Linda

Billy Ray, 2007.

10. März 2008

Sie zog an ihrer Zigarette und schenkte sich etwas Martini nach. «Arschloch! Scheiss Mongo! Blöder Macho-Spiesser! Prinzessin!» Lindas Wut war nicht zu bremsen. So redet eine, die sich die Liebe wegschreien will. Geht aber nicht. Und schliesslich braucht jeder sein Arschloch. Es war für mich trotzdem ein Genuss, diesen Hassergüssen zuzuhören. Denn was sie da über ihren Ex hervorpresste, war ja alles vollkommen richtig. Ich konnte Linda nur beglückwünschen, dass sie von einem Mann verlassen wurde, der seinen Stammbaum wie eine Reliquie verehrt, Wollerau für das Monaco der Schweiz und Schwule für verkappte Heteros hält, die sich heimtückisch an seine schöne Freundin heranmachen wollen. Denn: «Die können mir nichts vormachen. Ich kenne die. Jeder Mann steht auf Frauen.» Seine Menschenkenntnis war verblüffend, seine Eifersucht kolossal. Also traf Linda ihre heterosexuellen Schwulen-Freunde im Geheimen und hörte ihrem Liebsten zu, der ihr zu Hip Hop-Musik heldenhaft erklärte, wie denn das ginge mit den Frauen, wie man die berühren müsse, damit sie einem verfielen. Dann noch den Calimero-Küken-Blick aufsetzen und ein bisschen über Design quatschen, über illegale Partys und Wasserpfeife rauchen auf seiner Dachterrasse im Kreis 5. Und wenn es kalt wurde, konnte er ihr immer noch seine American Apparel-Jacke um die Schultern legen, und die Schlacht war schnell gewonnen. Bis jetzt hatte das immer geklappt. Auch bei Linda, die jetzt Martini trank und sich verarscht fühlte, weil «unter dem Strich die Rechnung nicht aufgegangen ist.»

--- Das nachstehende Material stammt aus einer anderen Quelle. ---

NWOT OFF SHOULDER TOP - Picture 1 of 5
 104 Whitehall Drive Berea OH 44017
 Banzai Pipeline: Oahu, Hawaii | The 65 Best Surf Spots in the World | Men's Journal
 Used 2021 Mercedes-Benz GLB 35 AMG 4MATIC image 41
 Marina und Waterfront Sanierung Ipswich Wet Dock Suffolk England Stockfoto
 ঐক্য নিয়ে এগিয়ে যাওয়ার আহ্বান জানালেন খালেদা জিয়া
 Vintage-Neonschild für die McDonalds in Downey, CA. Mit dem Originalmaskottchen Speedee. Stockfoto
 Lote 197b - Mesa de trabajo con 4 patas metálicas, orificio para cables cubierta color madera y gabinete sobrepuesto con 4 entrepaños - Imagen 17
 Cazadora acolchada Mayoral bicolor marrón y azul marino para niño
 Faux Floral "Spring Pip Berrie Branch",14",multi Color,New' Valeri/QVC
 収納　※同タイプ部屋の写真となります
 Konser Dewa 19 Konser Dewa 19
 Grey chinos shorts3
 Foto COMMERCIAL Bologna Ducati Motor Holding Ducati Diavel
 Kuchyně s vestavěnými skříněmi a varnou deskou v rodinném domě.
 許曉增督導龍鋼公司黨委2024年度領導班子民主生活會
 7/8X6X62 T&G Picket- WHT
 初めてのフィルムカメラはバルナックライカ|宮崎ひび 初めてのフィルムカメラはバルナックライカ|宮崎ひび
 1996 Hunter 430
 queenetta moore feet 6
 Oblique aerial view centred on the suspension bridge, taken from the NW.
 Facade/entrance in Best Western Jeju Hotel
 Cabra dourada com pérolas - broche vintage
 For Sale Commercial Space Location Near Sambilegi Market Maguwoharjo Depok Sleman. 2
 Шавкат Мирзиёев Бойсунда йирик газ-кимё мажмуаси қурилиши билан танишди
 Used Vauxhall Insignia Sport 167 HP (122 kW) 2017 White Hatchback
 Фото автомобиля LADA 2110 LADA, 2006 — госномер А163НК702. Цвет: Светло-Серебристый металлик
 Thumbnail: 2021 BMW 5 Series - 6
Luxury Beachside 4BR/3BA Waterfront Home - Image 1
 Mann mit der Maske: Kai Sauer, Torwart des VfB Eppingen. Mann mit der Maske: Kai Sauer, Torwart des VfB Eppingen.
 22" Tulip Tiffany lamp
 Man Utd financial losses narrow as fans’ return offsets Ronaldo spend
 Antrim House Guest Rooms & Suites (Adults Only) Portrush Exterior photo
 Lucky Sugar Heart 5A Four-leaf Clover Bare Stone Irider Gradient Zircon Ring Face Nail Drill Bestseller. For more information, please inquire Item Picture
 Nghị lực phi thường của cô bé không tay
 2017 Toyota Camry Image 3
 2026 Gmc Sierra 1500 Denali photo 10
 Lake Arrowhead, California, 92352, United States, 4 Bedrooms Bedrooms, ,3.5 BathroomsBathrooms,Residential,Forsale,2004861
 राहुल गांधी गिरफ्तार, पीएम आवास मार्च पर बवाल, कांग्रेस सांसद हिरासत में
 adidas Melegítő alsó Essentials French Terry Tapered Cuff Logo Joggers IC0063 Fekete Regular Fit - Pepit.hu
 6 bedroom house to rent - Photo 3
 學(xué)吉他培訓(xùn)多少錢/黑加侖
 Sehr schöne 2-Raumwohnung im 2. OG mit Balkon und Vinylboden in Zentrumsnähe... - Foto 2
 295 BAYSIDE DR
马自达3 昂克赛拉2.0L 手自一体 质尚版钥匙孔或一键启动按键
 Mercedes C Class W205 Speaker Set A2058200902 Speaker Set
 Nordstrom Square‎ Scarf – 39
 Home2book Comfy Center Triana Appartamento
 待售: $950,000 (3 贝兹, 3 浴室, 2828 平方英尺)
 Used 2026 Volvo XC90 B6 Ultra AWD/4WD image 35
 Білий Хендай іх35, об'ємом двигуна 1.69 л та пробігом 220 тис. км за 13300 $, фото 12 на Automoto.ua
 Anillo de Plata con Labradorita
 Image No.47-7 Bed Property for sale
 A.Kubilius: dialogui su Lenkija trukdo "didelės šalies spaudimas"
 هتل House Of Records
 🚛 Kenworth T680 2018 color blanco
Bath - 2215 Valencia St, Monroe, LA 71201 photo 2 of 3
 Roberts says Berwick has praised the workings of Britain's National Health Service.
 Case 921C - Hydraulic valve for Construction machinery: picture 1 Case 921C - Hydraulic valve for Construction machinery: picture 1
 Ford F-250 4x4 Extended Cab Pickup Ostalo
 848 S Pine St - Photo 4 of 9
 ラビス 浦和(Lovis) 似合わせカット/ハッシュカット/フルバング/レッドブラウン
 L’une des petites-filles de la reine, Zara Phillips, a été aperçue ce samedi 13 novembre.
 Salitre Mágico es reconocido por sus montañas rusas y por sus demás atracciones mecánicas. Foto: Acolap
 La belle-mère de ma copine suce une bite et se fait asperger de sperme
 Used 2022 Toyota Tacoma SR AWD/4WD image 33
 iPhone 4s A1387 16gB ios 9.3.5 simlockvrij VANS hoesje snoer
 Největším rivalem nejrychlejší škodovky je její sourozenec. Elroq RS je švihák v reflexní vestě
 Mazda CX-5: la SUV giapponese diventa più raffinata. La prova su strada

Nach zwei Wochen Heulkrampf rief mich Linda an und teilte mir mit, dass sie wieder mit ihrem Macho-Spiesser zusammengekommen sei. «Er will sich ändern, will mich wieder zurück. Er hat so gezittert, dass ich einfach nicht nein sagen konnte.» Ich zog an meiner Zigarette und dachte an dieses übergewichtige Engelchen mit seinen Pfeilen, das so wahllos unter den Menschen herumschoss, nur um sich danach ins patschige Fäustchen lachen zu können.